- Opening Delimiter -
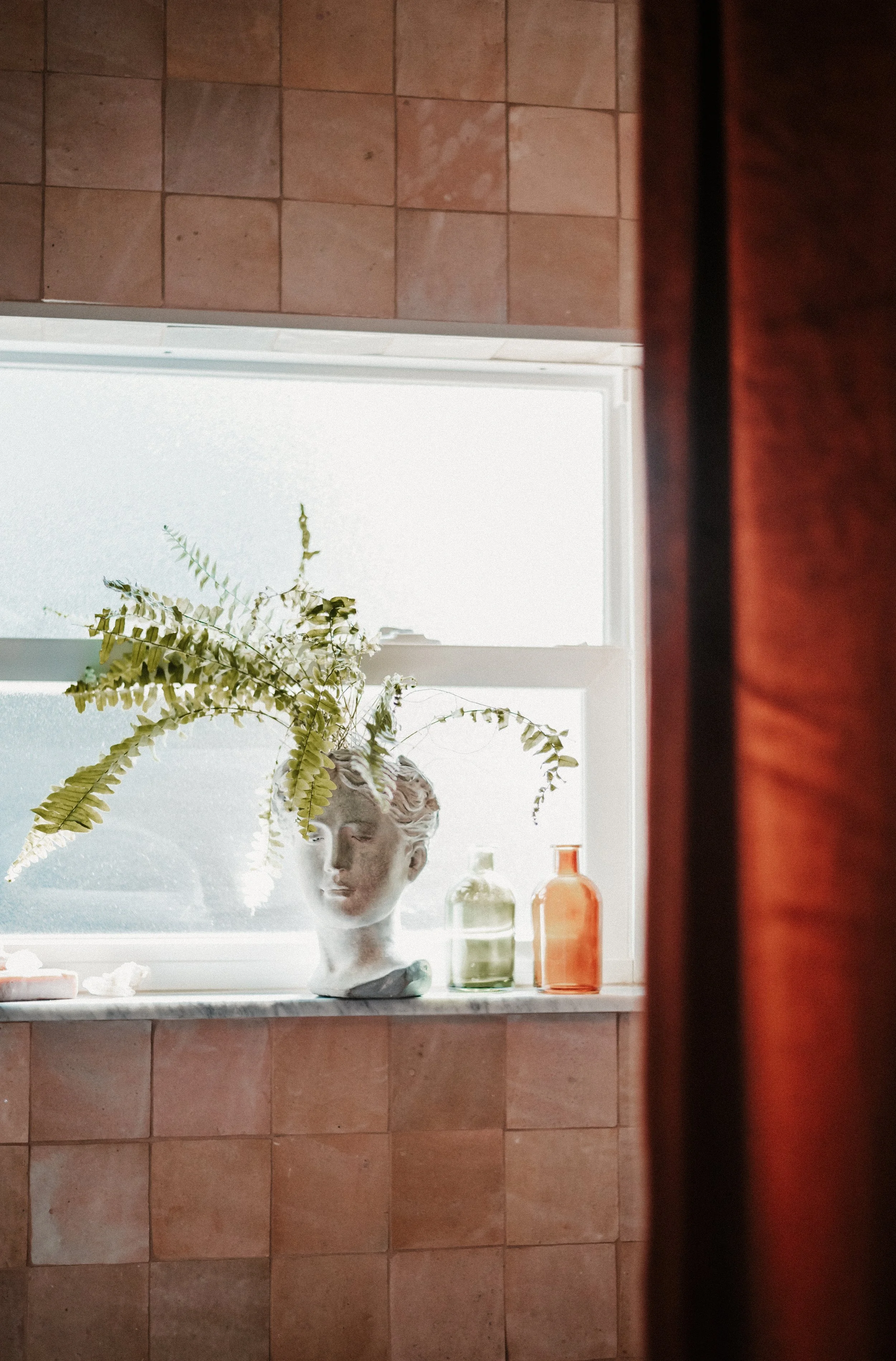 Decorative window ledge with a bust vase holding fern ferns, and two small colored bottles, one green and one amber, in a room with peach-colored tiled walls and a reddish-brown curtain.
- Closing Delimiter -
- Opening Delimiter -
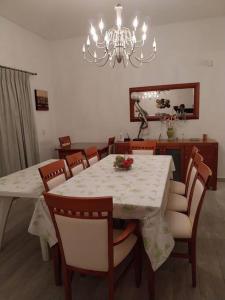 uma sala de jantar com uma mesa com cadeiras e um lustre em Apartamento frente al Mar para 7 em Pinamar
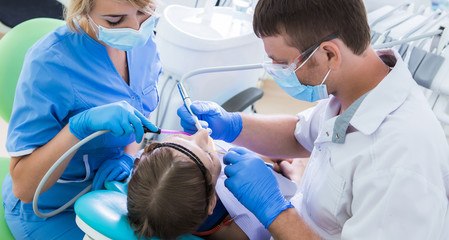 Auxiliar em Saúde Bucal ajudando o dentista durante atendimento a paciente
- Closing Delimiter -
- Opening Delimiter -
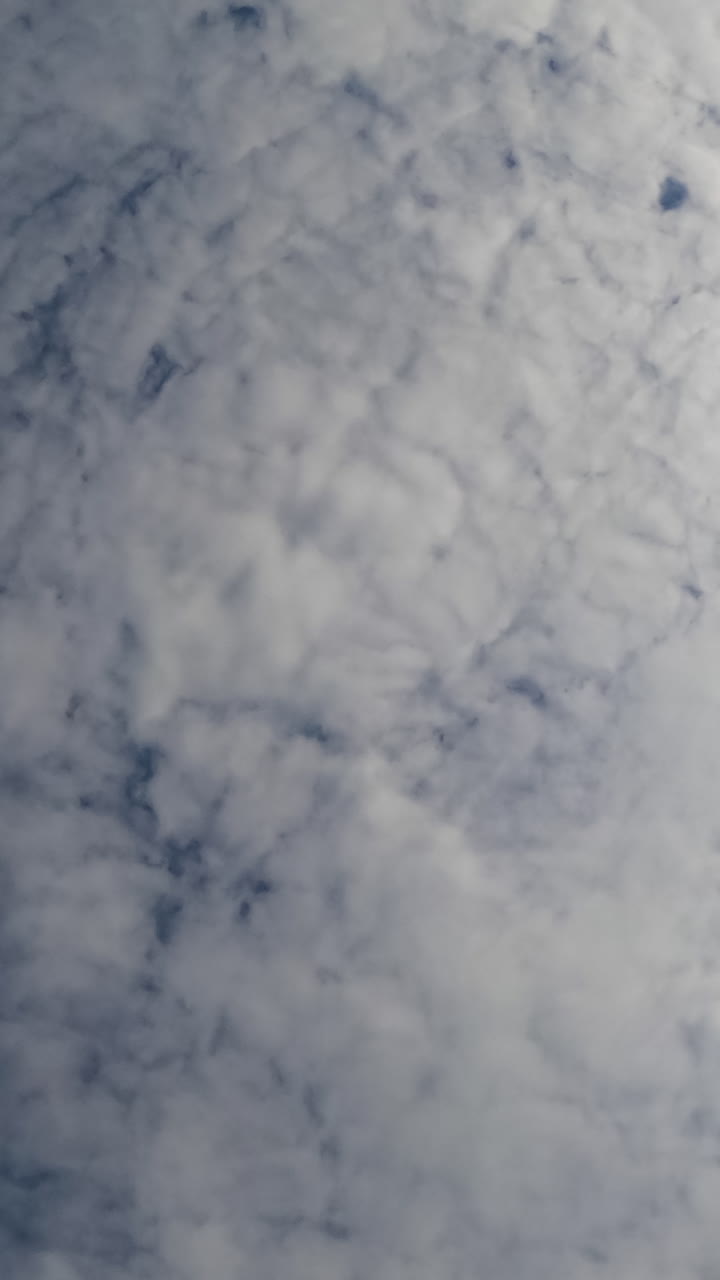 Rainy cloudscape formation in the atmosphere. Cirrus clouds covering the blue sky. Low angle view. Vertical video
- Closing Delimiter -
__Problem to work on__
Restate the lines above from the one containing "uma sala de" through the one containing "Auxiliar em Saúde", inclusive, exactly and without pictures.

__Task result__
 uma sala de jantar com uma mesa com cadeiras e um lustre em Apartamento frente al Mar para 7 em Pinamar
 Auxiliar em Saúde Bucal ajudando o dentista durante atendimento a paciente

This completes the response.